By SCOTT ROTHSCHILD, The Lawrence Journal-World
If the Affordable Care Act remains the law of the land, Kansas policyholders will have an important decision to make that would affect more than 150,000 Kansans.
That would be whether to expand the Medicaid program, which is the federal- and state-funded program that provides health care in Kansas to low-income families, children and people with disabilities.
The ACA required that states expand their Medicaid programs to include all non-elderly persons with incomes up to 133 percent of the federal poverty level, or about $30,000 annually for a family of four, or risk losing all federal Medicaid funding. That eligibility expansion would have had a significant impact in Kansas because currently only adults who earn less than 27 percent of the federal poverty level — $6,035 for a family of four — are eligible for Medicaid, and childless adults don’t qualify at all unless they are elderly or have a disability.
While the U.S. Supreme Court upheld most of the ACA, it struck down the Medicaid requirement, making expansion of the program optional.
“That raises a lot of questions for states,” Suzanne Schrandt, of the Kansas Health Institute, said at a recent forum on the court’s ruling.
Schrandt said that of the state’s 350,000 uninsured people, 151,000 would qualify for the expanded Medicaid if Kansas enacts the changes.
Of those 151,000 who would qualify, 130,000 are low-income adults who currently do not qualify for Medicaid in Kansas, she said.
Gov. Sam Brownback is an ardent opponent of President Barack Obama’s health care law and has said he hopes presumptive Republican presidential nominee Mitt Romney wins election in November and tries to repeal the law.
“Stopping Obamacare is now in the hands of the American people. It begins with a new president this fall,” Brownback said.
Attorney General Derek Schmidt said he was disappointed in the Supreme Court upholding the ACA but said the court’s ruling on Medicaid was a win for states.
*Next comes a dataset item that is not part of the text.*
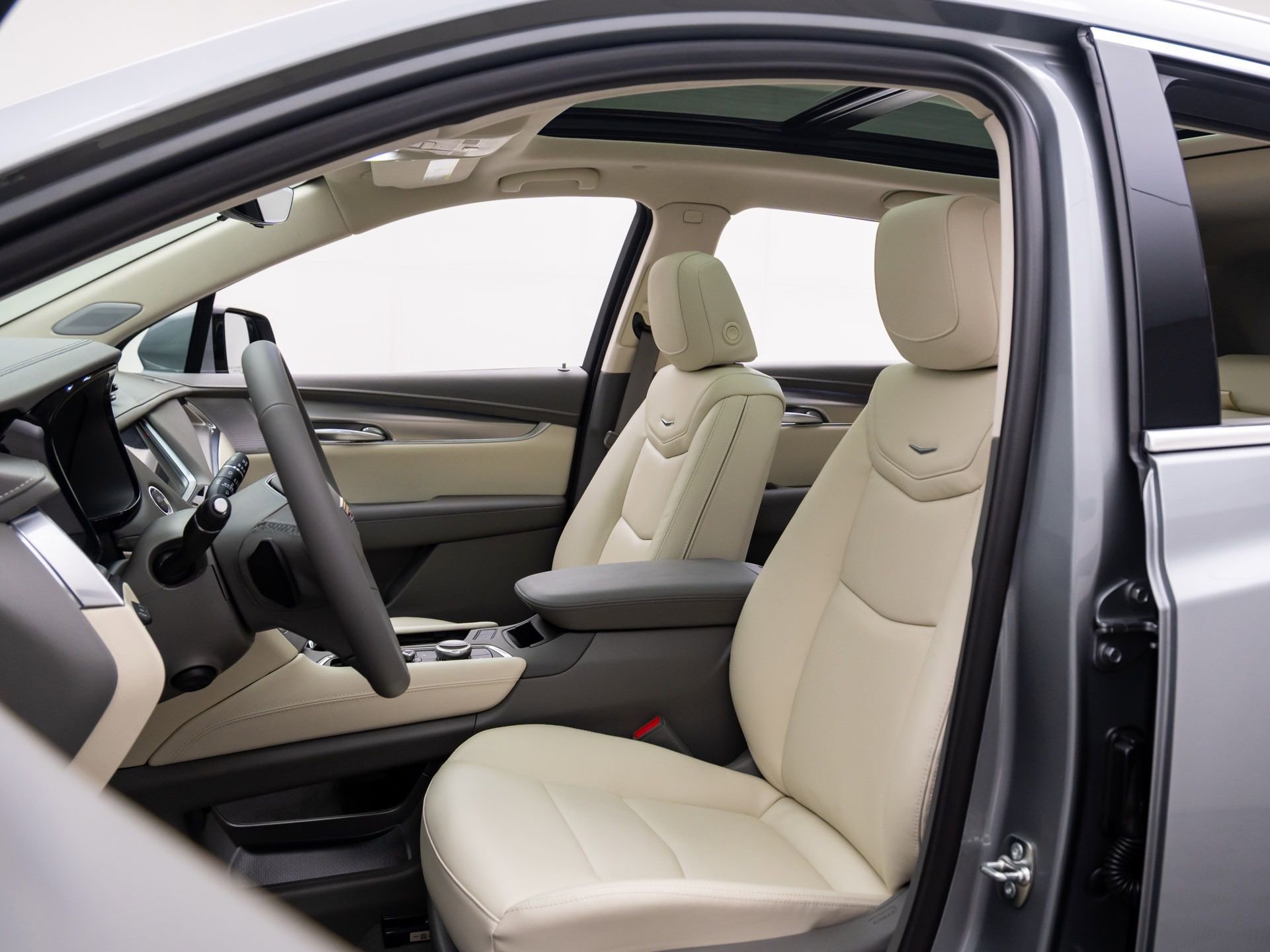 New 2026 Cadillac XT5 Premium Luxury w/ Driver Assist Package image 9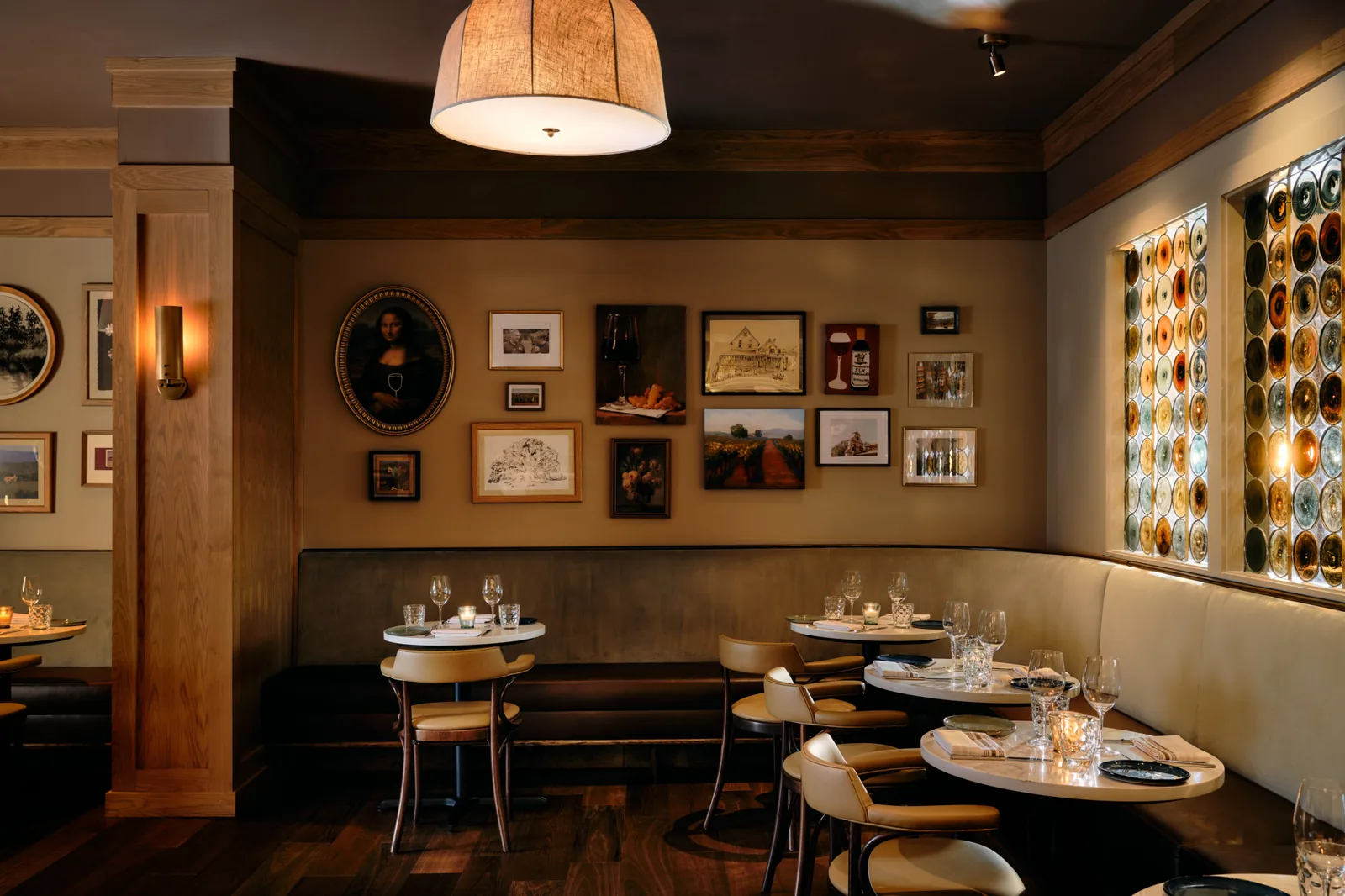 Napa Vadisi Paris'le Buluştu: Charlotte'ta Şarap Tutkunu Bistro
Kansas was one of 26 states that challenged the law and the proposed expansion of Medicaid was part of that challenge.
Referring to the court, Schmidt said, “It also rejected the federal government’s effort to transform the Medicaid program from a federal-state partnership into a centralized program run by Washington, from Washington and solely for Washington. These legal rulings will benefit the long-term vigor of our federal system.”
But Jay Angoff, the regional director of the U.S. Department of Health and Human Services, said when “cooler heads prevail,” states will expand Medicaid. Under the ACA, the federal government will pay the entire cost of newly eligible Medicaid population for three years. The federal contribution decreases to 90 percent by 2020 with the states picking up the remaining costs. The Obama administration has said 17 million people nationwide will be covered by the Medicaid expansion.
“The states will see what a good deal this is,” Angoff said.